**Exercise**
The lines to repeat are those below from the one containing "Hotel Natashka Huklyvyy Exterior foto" down to the one containing "DJI RONIN S GIMBAL", both included; reproduce them exactly and nothing else.

**Task inputs**

##############################

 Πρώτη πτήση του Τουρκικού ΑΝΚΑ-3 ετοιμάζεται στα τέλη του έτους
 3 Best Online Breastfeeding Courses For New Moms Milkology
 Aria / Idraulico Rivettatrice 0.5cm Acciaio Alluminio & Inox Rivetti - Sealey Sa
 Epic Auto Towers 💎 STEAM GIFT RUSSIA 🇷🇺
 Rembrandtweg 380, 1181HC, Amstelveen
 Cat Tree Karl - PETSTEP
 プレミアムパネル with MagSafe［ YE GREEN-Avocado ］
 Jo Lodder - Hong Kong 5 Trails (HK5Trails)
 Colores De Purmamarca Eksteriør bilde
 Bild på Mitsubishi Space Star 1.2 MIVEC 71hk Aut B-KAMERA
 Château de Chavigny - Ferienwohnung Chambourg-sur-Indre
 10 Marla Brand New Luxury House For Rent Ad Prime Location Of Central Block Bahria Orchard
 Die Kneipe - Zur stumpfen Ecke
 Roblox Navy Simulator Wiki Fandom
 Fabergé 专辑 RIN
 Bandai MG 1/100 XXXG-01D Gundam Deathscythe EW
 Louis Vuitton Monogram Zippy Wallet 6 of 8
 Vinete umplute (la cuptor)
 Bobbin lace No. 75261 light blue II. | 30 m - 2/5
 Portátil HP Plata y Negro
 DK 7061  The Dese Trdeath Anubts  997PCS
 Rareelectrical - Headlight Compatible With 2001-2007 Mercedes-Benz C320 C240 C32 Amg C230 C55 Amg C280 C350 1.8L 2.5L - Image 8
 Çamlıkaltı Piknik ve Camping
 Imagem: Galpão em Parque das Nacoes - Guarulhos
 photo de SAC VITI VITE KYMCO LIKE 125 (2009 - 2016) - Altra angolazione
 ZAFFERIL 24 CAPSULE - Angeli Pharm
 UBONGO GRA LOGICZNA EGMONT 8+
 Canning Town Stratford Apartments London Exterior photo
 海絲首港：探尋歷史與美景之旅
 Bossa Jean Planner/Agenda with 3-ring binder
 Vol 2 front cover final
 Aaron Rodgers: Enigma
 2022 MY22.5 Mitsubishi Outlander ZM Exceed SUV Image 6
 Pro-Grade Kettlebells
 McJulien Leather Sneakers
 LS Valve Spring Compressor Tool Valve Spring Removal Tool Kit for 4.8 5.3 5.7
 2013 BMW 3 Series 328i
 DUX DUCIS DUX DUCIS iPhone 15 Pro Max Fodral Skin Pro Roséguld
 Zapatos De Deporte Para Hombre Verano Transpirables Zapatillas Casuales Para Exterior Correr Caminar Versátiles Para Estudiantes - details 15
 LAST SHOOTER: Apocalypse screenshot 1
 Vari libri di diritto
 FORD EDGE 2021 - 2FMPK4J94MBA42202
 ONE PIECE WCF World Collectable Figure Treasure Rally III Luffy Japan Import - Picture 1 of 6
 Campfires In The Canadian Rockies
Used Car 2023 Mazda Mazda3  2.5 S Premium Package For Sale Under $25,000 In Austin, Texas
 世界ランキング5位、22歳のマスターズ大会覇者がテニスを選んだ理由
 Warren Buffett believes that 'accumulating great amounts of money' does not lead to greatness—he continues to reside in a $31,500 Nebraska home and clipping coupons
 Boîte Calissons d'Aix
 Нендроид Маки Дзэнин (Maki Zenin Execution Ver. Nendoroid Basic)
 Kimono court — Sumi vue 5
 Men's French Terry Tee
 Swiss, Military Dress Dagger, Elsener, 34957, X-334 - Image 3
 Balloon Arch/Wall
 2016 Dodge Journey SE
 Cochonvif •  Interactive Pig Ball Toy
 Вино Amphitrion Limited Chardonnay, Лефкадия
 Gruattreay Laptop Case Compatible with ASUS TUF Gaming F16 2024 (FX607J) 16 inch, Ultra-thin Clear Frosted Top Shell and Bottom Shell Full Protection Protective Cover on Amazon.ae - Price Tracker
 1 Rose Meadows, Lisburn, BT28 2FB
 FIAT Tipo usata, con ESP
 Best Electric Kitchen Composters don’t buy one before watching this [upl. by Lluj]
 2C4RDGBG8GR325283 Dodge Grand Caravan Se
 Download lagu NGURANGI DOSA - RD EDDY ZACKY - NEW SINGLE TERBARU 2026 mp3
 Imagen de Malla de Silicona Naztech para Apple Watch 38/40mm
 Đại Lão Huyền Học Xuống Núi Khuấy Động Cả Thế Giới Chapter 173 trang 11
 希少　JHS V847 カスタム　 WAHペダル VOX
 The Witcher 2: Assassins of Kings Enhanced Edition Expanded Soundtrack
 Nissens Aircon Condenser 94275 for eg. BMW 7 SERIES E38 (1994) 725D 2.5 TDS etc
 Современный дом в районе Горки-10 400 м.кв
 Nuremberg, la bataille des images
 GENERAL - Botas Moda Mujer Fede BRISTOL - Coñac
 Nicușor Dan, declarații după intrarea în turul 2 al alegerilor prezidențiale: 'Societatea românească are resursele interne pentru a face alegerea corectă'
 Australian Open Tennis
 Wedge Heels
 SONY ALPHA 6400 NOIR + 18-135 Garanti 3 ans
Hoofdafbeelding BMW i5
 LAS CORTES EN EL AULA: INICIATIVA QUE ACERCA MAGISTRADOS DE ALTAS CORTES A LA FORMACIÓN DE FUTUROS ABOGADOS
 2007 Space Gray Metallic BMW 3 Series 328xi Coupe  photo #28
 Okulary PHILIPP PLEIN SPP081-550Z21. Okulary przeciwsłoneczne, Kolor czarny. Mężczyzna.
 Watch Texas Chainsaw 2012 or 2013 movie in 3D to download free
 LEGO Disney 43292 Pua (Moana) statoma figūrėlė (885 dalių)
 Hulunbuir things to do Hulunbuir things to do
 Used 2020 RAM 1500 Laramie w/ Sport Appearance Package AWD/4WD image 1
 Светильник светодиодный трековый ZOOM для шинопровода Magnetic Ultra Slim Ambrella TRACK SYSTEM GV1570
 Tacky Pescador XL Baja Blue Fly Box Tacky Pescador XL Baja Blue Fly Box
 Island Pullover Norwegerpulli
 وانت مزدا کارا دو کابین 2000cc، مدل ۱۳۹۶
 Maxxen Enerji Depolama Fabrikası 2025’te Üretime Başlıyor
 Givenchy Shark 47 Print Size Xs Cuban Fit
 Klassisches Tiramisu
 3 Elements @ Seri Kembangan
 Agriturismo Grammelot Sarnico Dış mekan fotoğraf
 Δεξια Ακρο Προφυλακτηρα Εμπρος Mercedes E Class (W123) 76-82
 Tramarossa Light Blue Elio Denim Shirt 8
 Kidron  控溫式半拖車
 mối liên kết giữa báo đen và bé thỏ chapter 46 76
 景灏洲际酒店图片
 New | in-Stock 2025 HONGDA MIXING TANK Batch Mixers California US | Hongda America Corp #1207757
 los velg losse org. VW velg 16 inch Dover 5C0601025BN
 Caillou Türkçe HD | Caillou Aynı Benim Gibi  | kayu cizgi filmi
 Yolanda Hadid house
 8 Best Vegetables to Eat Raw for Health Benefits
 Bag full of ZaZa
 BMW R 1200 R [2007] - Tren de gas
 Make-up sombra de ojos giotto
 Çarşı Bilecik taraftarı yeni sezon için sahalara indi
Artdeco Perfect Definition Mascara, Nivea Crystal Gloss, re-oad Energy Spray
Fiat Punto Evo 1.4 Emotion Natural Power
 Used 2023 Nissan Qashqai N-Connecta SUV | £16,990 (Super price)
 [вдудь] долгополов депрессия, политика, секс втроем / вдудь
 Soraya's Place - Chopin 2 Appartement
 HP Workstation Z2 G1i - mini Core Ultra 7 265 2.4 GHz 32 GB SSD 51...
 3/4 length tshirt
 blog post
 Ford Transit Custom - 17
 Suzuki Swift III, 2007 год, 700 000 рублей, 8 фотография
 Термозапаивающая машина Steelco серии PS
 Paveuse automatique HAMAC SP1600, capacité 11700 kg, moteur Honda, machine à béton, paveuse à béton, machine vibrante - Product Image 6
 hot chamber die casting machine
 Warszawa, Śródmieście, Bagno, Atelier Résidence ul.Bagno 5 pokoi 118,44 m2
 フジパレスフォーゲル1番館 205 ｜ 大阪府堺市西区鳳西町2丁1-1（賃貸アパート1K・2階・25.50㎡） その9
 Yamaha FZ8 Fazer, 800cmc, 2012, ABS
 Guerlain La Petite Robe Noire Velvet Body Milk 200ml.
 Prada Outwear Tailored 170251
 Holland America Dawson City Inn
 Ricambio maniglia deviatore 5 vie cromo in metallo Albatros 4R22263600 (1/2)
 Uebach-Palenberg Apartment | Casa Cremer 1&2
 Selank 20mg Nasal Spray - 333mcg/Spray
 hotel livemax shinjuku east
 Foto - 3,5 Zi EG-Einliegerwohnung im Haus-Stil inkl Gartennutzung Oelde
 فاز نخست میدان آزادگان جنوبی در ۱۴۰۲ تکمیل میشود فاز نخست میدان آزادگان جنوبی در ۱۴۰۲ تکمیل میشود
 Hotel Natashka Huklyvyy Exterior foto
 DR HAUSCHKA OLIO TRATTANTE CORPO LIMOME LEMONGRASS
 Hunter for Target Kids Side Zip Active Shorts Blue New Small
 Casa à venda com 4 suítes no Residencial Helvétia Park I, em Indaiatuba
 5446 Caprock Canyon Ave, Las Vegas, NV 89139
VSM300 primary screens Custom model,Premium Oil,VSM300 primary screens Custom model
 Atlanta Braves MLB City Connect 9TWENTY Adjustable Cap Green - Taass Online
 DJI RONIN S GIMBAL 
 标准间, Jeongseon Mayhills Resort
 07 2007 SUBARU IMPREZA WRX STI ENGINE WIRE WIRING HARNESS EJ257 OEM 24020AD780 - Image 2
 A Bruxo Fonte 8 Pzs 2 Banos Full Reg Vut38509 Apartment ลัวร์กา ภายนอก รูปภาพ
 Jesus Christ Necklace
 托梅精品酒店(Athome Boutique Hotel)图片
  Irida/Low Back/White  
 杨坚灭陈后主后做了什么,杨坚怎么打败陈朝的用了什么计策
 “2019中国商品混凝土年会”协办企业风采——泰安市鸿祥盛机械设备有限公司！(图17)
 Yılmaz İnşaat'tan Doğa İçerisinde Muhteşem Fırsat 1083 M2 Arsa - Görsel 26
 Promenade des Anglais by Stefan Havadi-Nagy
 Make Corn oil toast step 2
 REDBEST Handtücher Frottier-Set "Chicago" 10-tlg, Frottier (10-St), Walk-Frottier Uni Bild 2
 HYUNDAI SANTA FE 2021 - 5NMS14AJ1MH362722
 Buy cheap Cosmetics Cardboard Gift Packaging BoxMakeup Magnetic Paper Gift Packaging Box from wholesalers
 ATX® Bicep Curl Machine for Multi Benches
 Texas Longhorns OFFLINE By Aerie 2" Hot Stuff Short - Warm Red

##############################

**Solution to the exercise**
 Hotel Natashka Huklyvyy Exterior foto
 DR HAUSCHKA OLIO TRATTANTE CORPO LIMOME LEMONGRASS
 Hunter for Target Kids Side Zip Active Shorts Blue New Small
 Casa à venda com 4 suítes no Residencial Helvétia Park I, em Indaiatuba
 5446 Caprock Canyon Ave, Las Vegas, NV 89139
VSM300 primary screens Custom model,Premium Oil,VSM300 primary screens Custom model
 Atlanta Braves MLB City Connect 9TWENTY Adjustable Cap Green - Taass Online
 DJI RONIN S GIMBAL 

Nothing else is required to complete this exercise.